Review: New Riff Single Barrel Bourbon
New Riff Distilling hasn’t wasted any time adding a single barrel offering to their core lineup. Most of these will enter the market as private barrel selections, so expect to see plenty of liquor store and bourbon club picks popping up in the near future. Here’s more from New Riff:
At New Riff, single barrel expressions are a way of life. As former Kentucky liquor retailers, we are intimately familiar with some of Kentucky’s most famed private barrel Bourbon selections ever, and we bring that experience to New Riff. A New Riff Private Barrel selection, whether for trade or private clients, offers an unparalleled experience, replete with tasting notes and an immersive process in our warehouse. Each New Riff single barrel has been tasted and approved by our production panel. Our retail and on-premise partners then select each of their private barrels themselves. In the end, you can taste a New Riff Single Barrel knowing it was fully vetted and thoroughly tasted and approved.

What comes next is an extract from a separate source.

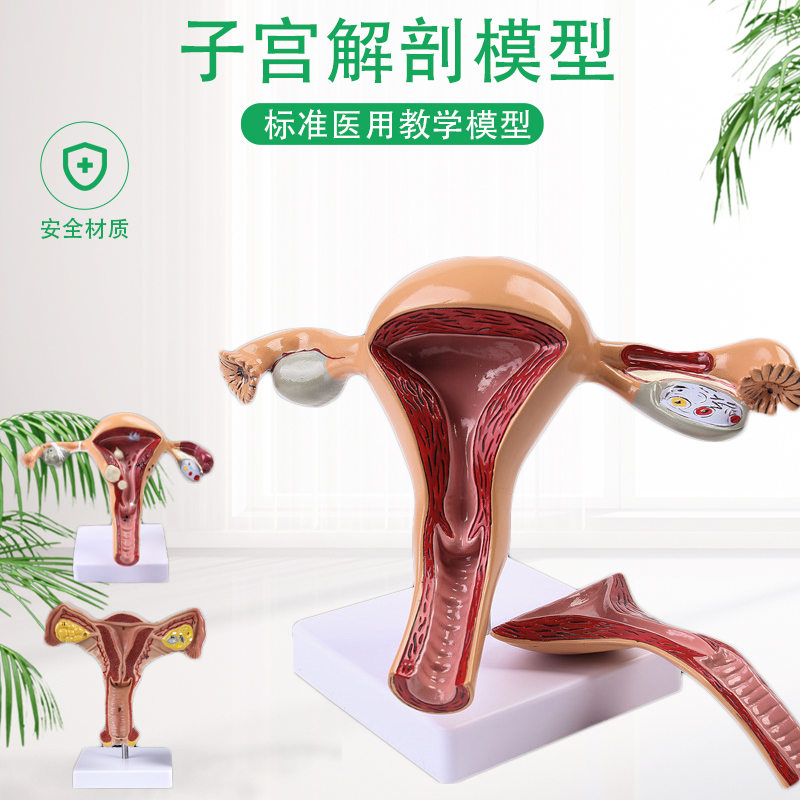 Uterus and ovary common disease model female reproductive system family planning model teaching medical model uterus model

We recently sampled Barrel No. 14-293 which clocked in at 110.7 proof. It yielded only 148 bottles, which is a little low for a younger bourbon, so I assume there was a good deal of evaporation with this barrel, meaning that it probably sat higher in the rickhouse. Or there could have been a leak. But enough speculation. On to the tasting.

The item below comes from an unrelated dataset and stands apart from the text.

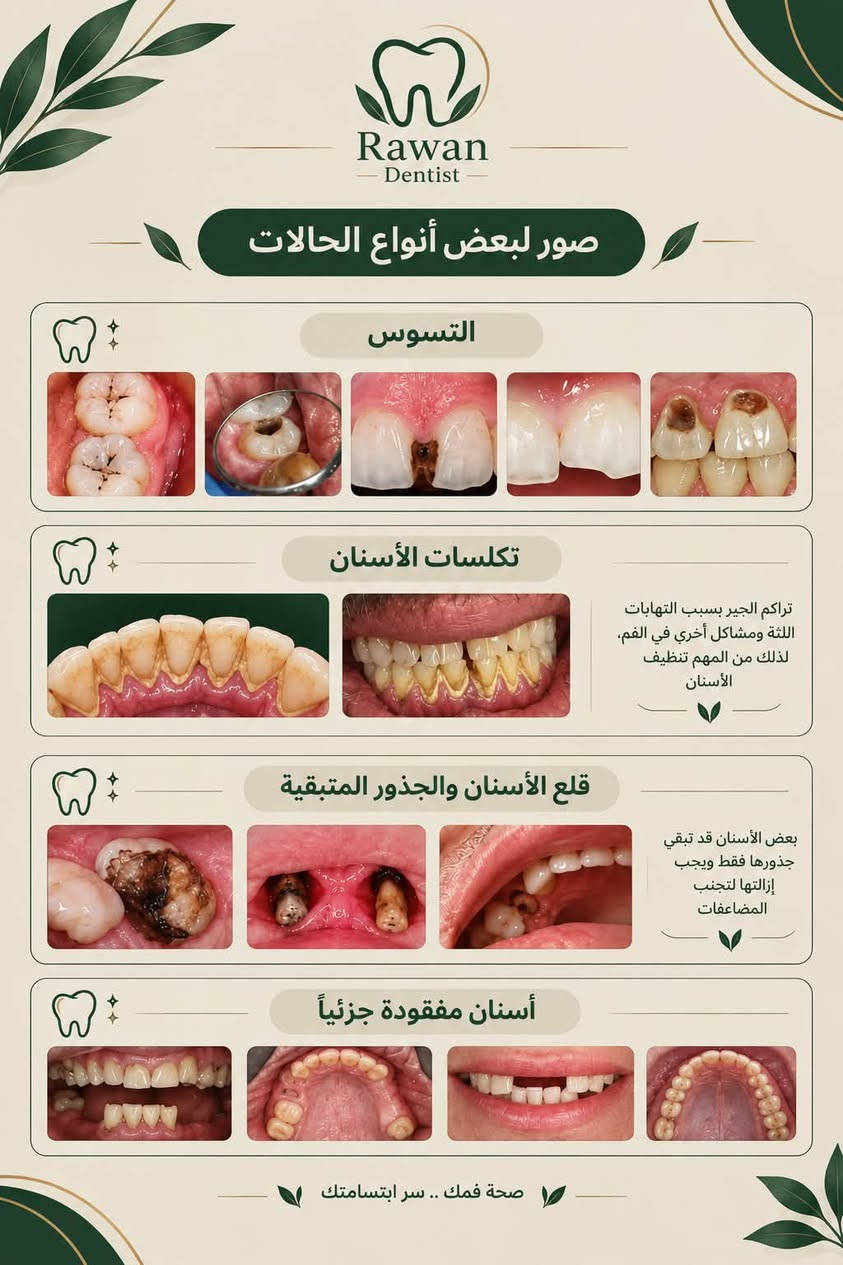 للاستفسار واتساب 
***********

نص مكتوب في الصور:
- Rawan Dentist صور لبعض أنواع الحالات التسوس تكلسات الأسنان تراكم الجير بسبب التهابات اللثة ومشاكل أخري في الفم، لذلك من المهم تنظيف الأسنان قلع الأسنان والجذور المتبقية بعض الأسنان قد تبقي جذورها فقط ويجب إزالتها لتجنب المضاعفات أسنَان مفقودة جزئياً صحة فمك .. سر ابتسامتك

The nose on this one is really unique. Where I had detected a slightly cereal youth on the standard bourbon, here it’s mostly oak, with lots of sandalwood notes, not your typical lumberyard. It’s sweet too with notes of buttercream frosting and a slightly sharp dried citrus note balanced against an earthy funk. It drinks hotter than 110 proof and comes across initially as somewhat light on the palate. As with the standard offering, there’s a healthy amount of rye spice with notes of ginger, clove, and cinnamon candies, all impeccably balanced. Traces of dried dark fruits aren’t as pronounced as the regular bourbon, instead showing bright citrus jam, flamed orange peel, and raw honey that lingers into the considerable finish.
Single barrels will, of course, vary from barrel to barrel. My only real complaint with this one was that it lacked a little body for cask strength, but that may be asking too much of an already very good four-year-old whiskey. It’s an impressive young bourbon, and I tasted even better examples on a recent trip to the distillery. Well done, New Riff.